= EXERCISE AIM =
Wherever "Volkswagen" shows up in the records below, copy the whole line.

= TASK DATA =
=====

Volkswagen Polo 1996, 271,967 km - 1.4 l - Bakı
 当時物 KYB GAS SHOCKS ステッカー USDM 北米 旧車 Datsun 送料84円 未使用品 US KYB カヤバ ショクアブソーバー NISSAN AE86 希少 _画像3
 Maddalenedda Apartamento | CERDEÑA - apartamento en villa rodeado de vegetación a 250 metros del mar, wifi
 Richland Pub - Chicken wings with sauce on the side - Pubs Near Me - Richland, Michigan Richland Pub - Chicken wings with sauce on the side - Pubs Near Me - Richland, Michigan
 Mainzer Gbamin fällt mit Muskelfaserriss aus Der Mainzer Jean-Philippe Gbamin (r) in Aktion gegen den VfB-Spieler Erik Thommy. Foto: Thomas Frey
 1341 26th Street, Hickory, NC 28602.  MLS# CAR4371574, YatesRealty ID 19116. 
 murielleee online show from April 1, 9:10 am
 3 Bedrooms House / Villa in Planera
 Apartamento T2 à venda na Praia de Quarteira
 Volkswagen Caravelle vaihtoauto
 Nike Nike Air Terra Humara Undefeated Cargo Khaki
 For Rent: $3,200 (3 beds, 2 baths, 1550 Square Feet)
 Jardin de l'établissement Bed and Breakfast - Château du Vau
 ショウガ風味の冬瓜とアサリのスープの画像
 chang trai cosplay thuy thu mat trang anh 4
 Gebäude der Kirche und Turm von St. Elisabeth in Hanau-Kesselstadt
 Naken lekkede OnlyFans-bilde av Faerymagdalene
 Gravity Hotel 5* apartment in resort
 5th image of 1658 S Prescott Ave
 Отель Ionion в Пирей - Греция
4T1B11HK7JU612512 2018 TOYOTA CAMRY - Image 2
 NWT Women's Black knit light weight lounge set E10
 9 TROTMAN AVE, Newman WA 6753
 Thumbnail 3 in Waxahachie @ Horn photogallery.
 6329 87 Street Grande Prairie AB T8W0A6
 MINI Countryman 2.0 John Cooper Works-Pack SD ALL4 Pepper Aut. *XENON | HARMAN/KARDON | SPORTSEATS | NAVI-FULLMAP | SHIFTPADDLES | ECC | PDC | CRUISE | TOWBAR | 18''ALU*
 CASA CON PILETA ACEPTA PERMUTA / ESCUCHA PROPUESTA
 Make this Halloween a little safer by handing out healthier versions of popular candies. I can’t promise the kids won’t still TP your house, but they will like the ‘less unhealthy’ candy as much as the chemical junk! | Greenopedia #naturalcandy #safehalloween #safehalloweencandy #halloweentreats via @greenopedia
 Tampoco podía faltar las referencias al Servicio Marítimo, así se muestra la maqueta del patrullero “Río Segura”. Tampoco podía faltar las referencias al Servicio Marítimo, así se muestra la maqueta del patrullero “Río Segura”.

=====

= REPLY TO THE TASK =
Volkswagen Polo 1996, 271,967 km - 1.4 l - Bakı
 Volkswagen Caravelle vaihtoauto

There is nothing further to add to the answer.